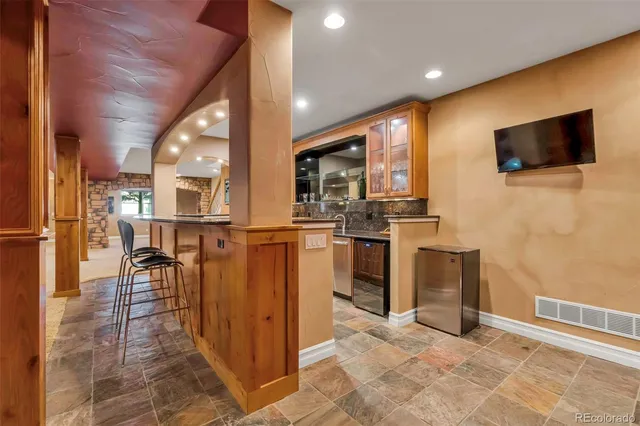 a kitchen with stainless steel appliances granite countertop a sink and a stove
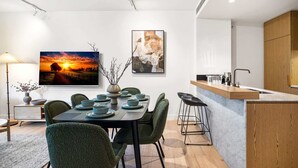 Un comedor moderno con una mesa preparada para cuatro, una cocina con encimera de madera y dos cuadros en la pared.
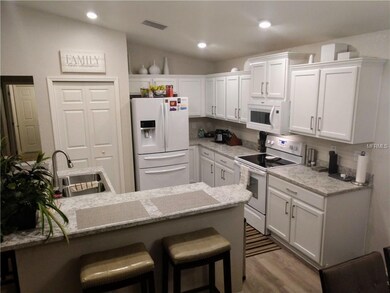 Kitchen view over the bar counter with updated Hig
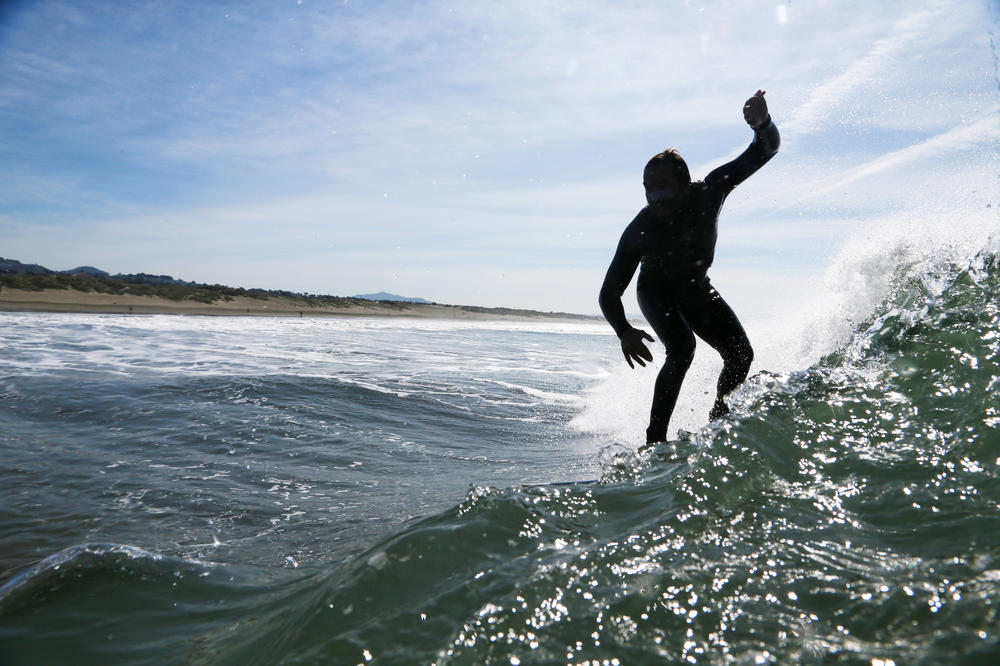 João De Macedo surfs near Ocean Beach.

**ABOUT THIS TASK**
All the material above should be written out exactly, with images omitted.

**OUTPUT BELOW**
 a kitchen with stainless steel appliances granite countertop a sink and a stove
 Un comedor moderno con una mesa preparada para cuatro, una cocina con encimera de madera y dos cuadros en la pared.
 Kitchen view over the bar counter with updated Hig
 João De Macedo surfs near Ocean Beach.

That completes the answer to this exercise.